Ma vie est à vivre, ici, tout de suite !

Peu avant son décès en novembre 2014 des suites d’une grave insuffisance cardiaque, Danièle Hermann avait entrepris d’écrire une autobiographie où elle retracerait les combats de son existence et où elle évoquerait avec ses mots aussi passionnés qu’envoûtants son amour inconditionnel de la vie. Cet amour de la vie grâce auquel elle avait pu éloigner la maladie, comprendre une souffrance physique parfois intolérable. Danièle Hermann n’était pas une malade, elle était avant tout une femme. Une femme généreuse à la personnalité forte et complexe. Une femme de coeur.

Chaque mois, nous publierons des extraits choisis du manuscrit de Danièle. Afin de rendre hommage à cette amoureuse de la littérature, notamment de Marguerite Duras et d’Ernest Hemingway, qui aurait tant rêvé de voir son texte publié.

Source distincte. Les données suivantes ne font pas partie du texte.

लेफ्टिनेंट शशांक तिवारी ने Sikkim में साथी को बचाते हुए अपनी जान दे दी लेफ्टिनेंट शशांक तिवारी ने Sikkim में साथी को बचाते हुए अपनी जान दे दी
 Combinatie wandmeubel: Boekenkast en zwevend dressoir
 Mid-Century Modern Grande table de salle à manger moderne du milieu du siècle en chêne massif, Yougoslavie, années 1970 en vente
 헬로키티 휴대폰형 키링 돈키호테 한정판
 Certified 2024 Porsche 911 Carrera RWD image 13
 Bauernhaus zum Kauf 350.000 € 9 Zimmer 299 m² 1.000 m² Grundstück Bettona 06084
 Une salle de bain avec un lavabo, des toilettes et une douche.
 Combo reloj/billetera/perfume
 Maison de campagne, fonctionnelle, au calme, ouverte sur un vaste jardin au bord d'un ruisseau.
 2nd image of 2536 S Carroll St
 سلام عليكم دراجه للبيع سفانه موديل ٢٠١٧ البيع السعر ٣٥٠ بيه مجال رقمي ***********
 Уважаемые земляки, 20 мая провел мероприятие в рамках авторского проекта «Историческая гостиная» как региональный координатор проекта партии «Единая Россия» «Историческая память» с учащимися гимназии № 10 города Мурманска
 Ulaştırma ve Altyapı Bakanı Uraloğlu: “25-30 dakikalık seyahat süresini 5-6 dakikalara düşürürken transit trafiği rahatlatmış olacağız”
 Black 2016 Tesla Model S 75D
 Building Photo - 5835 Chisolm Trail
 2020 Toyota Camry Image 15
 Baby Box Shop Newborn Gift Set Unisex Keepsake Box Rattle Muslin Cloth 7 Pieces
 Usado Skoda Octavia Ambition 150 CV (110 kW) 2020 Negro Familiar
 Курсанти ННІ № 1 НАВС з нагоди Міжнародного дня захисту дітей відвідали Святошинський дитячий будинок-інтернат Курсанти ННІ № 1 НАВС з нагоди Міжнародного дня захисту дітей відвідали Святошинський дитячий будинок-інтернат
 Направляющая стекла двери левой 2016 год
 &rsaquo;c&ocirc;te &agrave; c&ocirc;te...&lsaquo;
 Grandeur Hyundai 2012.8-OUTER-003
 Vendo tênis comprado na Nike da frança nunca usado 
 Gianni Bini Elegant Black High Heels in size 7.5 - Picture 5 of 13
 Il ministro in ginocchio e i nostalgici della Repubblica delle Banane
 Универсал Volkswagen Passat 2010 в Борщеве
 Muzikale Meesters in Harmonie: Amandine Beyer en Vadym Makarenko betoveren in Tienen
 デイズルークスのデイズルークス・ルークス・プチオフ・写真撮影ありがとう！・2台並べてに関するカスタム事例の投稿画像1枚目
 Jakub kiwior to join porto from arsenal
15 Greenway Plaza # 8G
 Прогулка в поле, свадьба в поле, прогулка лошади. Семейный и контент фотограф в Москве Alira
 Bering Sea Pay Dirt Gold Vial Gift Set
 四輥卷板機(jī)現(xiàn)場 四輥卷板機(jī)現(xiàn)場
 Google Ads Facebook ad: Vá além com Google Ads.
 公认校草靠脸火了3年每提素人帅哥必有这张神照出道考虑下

Son rêve, nous le rendons aujourd’hui possible. Nous vous souhaitons une belle lecture des « Mots de Danièle ».

« Ma vie est à vivre, ici, tout de suite. À l’instant. Et il n’est pas question de la  brader, de la mettre au rabais, il me faut la vivre en grand, en large, en couleur. Dans l’euphorie.

Bouger, courir, mais aussi me ressentir à l’intérieur de ce corps que je suis et où nulle part ailleurs, je ne saurais être.

Être là au mieux que je peux, dans cet espace de temps qui m’appartient et m’appartiendra toujours. Parce que j’ai eu la chance de venir au monde et que je suis là pour l’éternité, épinglée dans le ruban du temps. Tout ce qui me sera accordé d’existence restera à jamais comme une minuscule étendue bien bornée, dans l’étendue des siècles. Ma vie à perpétuité, dans un éternel présent, épinglée quelque part dans le ruban infini du temps qui passe.

Ruban illusoire, et pourtant…

Rien ne pourra m’effacer. Rien. Voilà mon éternité. Parce que je suis venue au monde, un jour.

Parce que j’ai eu cet honneur de naître.

Les images sont là, éparpillées, comme des feuilles tombées du haut de l’arbre. En désordre. Histoire en feuilles éparses.

L’image est là. La première qui lui viendra. Qui remontera jusqu’à elle.

C’est l’image d’une petite fille, six ans pas plus,  joyeuse, malicieuse, concentré d’énergie échappé dans un jardin plein de soleil, une petite fille qui retire ses chaussures, va les jeter dans les buissons et pieds nus, en courant, revient vers le banc où est assise sa grand-mère et les deux amies de sa grand-mère. C’est l’image d’une grand-mère et de ses deux amies qui vont chercher de tous côtés dans le jardin les chaussures de la petite fille, qui elle, les suit en riant gaiement. C’est l’image d’avant la brisure. »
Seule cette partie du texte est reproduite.